In fact, the only significant line in the entire movie is mouthed by an old bearded terrorist towards the fag end, when he says, “I have no idea what’s going on”.
The conflict, which should’ve effectively made a great thriller, is reduced to a poorly executed school play, where robbers and cops run around aimlessly without a clue on what they are fighting for.
Akshay Kumar hogs the spotlight. He’s flaunting his (staple) dance moves, or flipping his newly acquired and strangely styled fringe, or hopping along like a hyper teen, or lecturing all and sundry about leading a life of sacrifice.
At 170-minutes of screen time, we only wish, he took a breather.
Sonakshi plays Virat’s ladylove Saiba without much effort. With handful of expressions borrowed from her earlier performances in ‘Rowdy Rathore’ and ‘Bullet Raja’, she’s sleepwalks through a rather inconsequential role that's desperate for a “first kiss”.

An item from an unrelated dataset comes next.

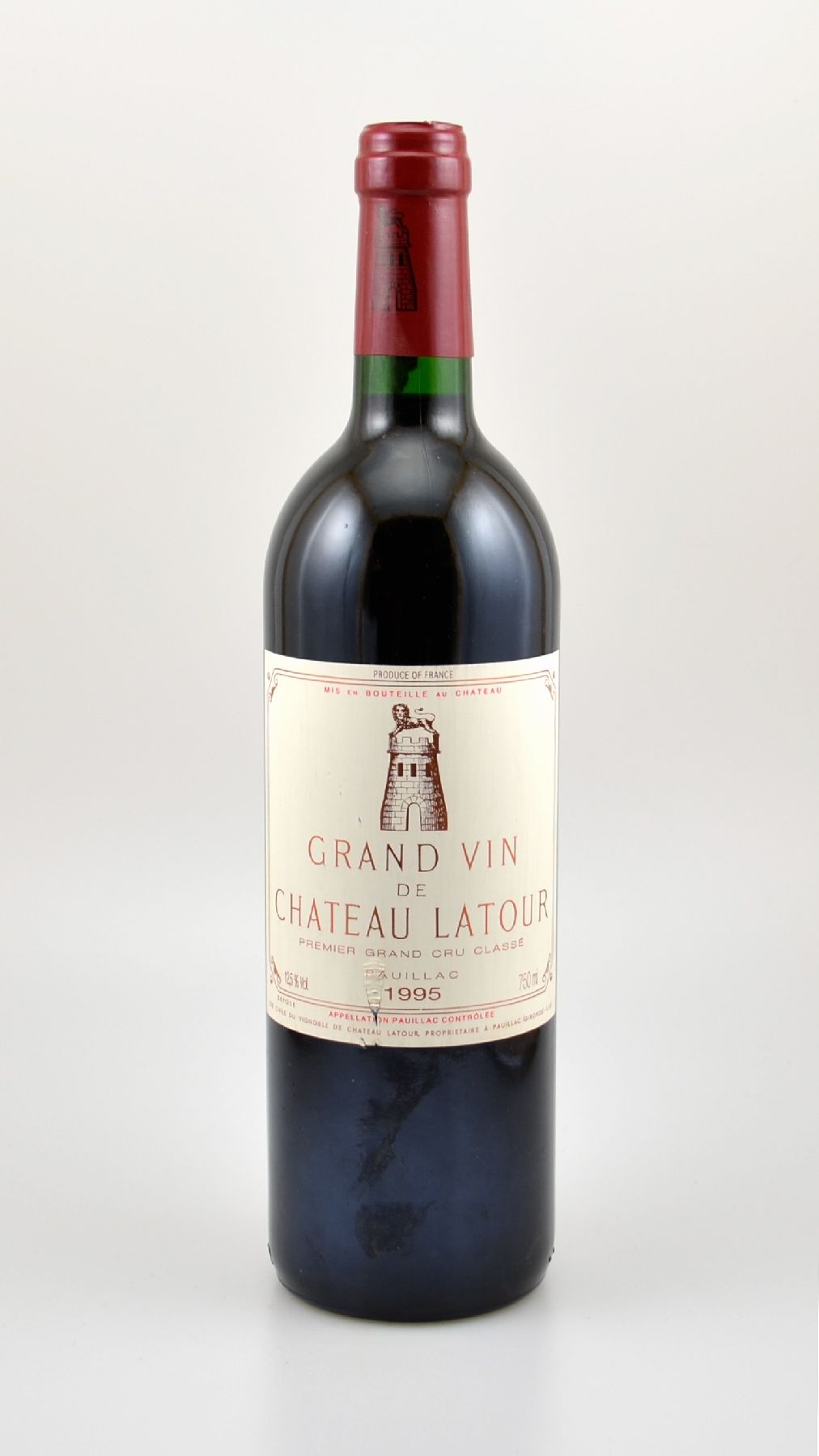 1 Flasche 1995 Chateau Latour, Pauillac, Premier Grand Cru Classe, ca. 75 cl, 12,5 % Vol., Füllstand: ca. into neck, Etikett l. besch., unverkostet, ...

She poses as a boxer for little over 10 minutes in the first-half, with her Laila Ali-styled braids, but abandons it soon enough for the dainty curls and fluttering eyelashes. Apart from attempting to play (almost) every sport in the Olympic list in one single music track, she stays exclusive to Bollywood dance moves in shimmery tops and colourful skirts for rest of the soundtrack.
The light-eyed baddie, played by debutant Freddy Daruwala, is high on looks but low on talent. He growls and glares, but with little impact.
Half way through the film, Akshay asserts he wants to turn the “sleeper cells into coma cells”, but what he manages, instead, is to put us into deep slumber.